• _TASK OBJECTIVE_: What you return should be the full listing, word for word, without a single image.
BEGIN DATA SECTION
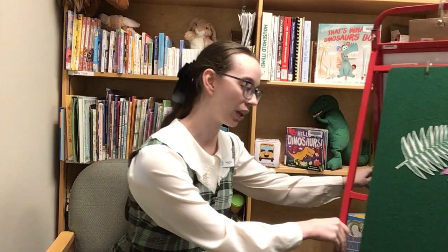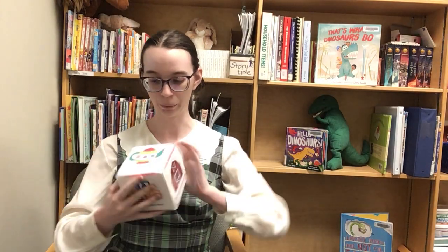We are almost at the end of our dinosaur storytime, but I think we have time for one more song. I'm gonna let my song cube decide our final song. I'm gonna sing I'm a Little Teapot. I'm gonna stay sitting because if I stand up you're not gonna be able to see me, but you stand up and sing with me. I'm a little teapot, short and stout. Here is my handle, here is my spout. When I get all steamed up hear me shout. Tip me over and pour me out. Good job!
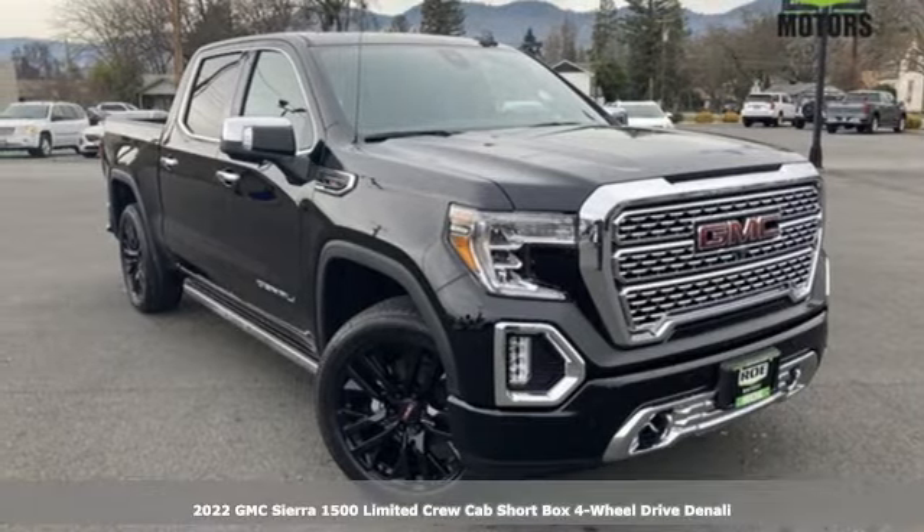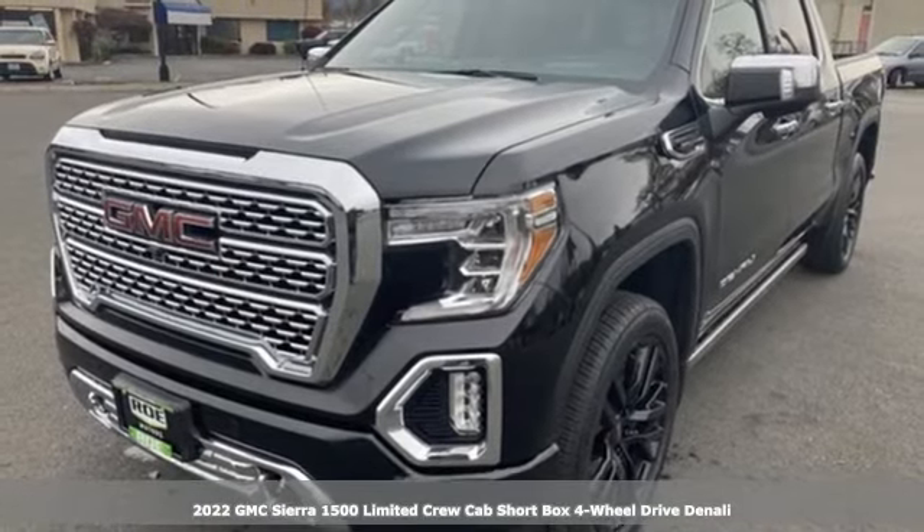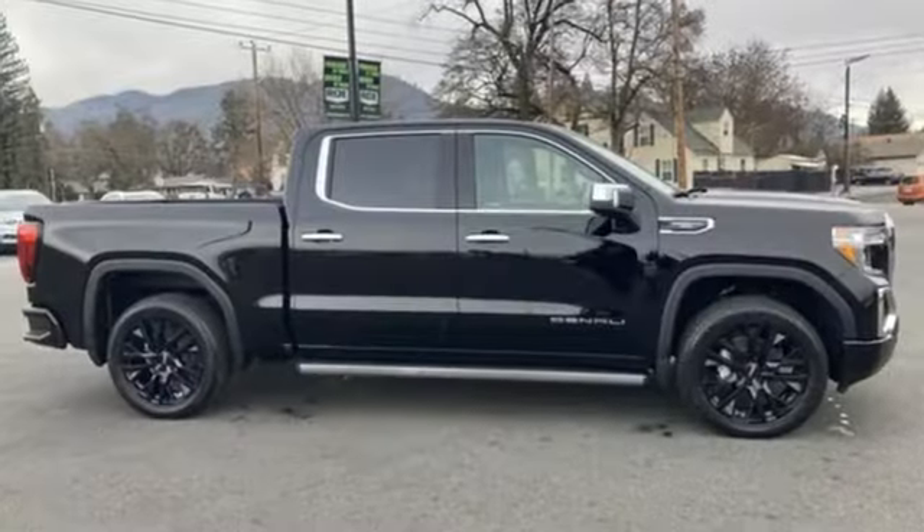Here's a new 2022 GMC Sierra 1500 Limited. GMC, professional-grade vehicles suited to fit your needs. It comes with the features you need and, better yet, want.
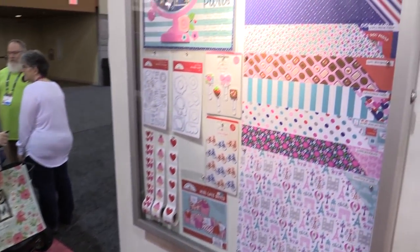Hi, this is Sarah from scrapbook.com and we're in the Doodlebug booth at Creativation looking at a new Valentine's Day line called French Kiss, because it's Paris themed and about love.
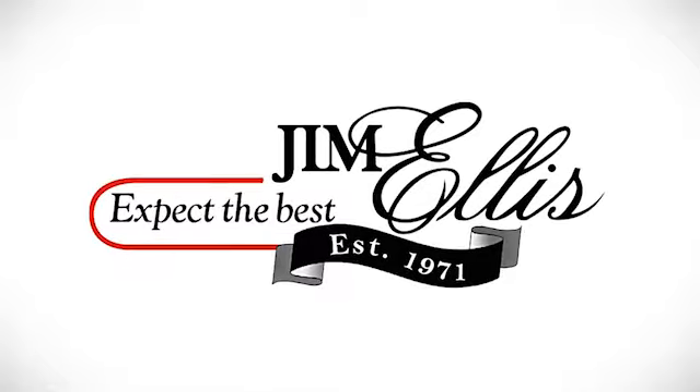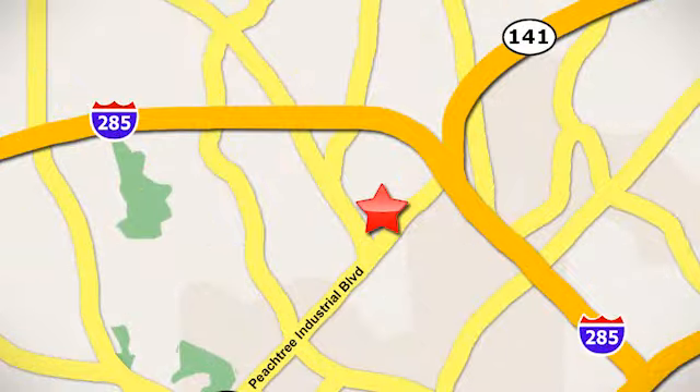Contact Jim Ellis Volkswagen of Atlanta today, or stop on by. We're conveniently located inside I-285 on Peachtree Industrial.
END DATA SECTION
• _RESPONSE AREA_:
We are almost at the end of our dinosaur storytime, but I think we have time for one more song. I'm gonna let my song cube decide our final song. I'm gonna sing I'm a Little Teapot. I'm gonna stay sitting because if I stand up you're not gonna be able to see me, but you stand up and sing with me. I'm a little teapot, short and stout. Here is my handle, here is my spout. When I get all steamed up hear me shout. Tip me over and pour me out. Good job!
Here's a new 2022 GMC Sierra 1500 Limited. GMC, professional-grade vehicles suited to fit your needs. It comes with the features you need and, better yet, want.
Hi, this is Sarah from scrapbook.com and we're in the Doodlebug booth at Creativation looking at a new Valentine's Day line called French Kiss, because it's Paris themed and about love.
Contact Jim Ellis Volkswagen of Atlanta today, or stop on by. We're conveniently located inside I-285 on Peachtree Industrial.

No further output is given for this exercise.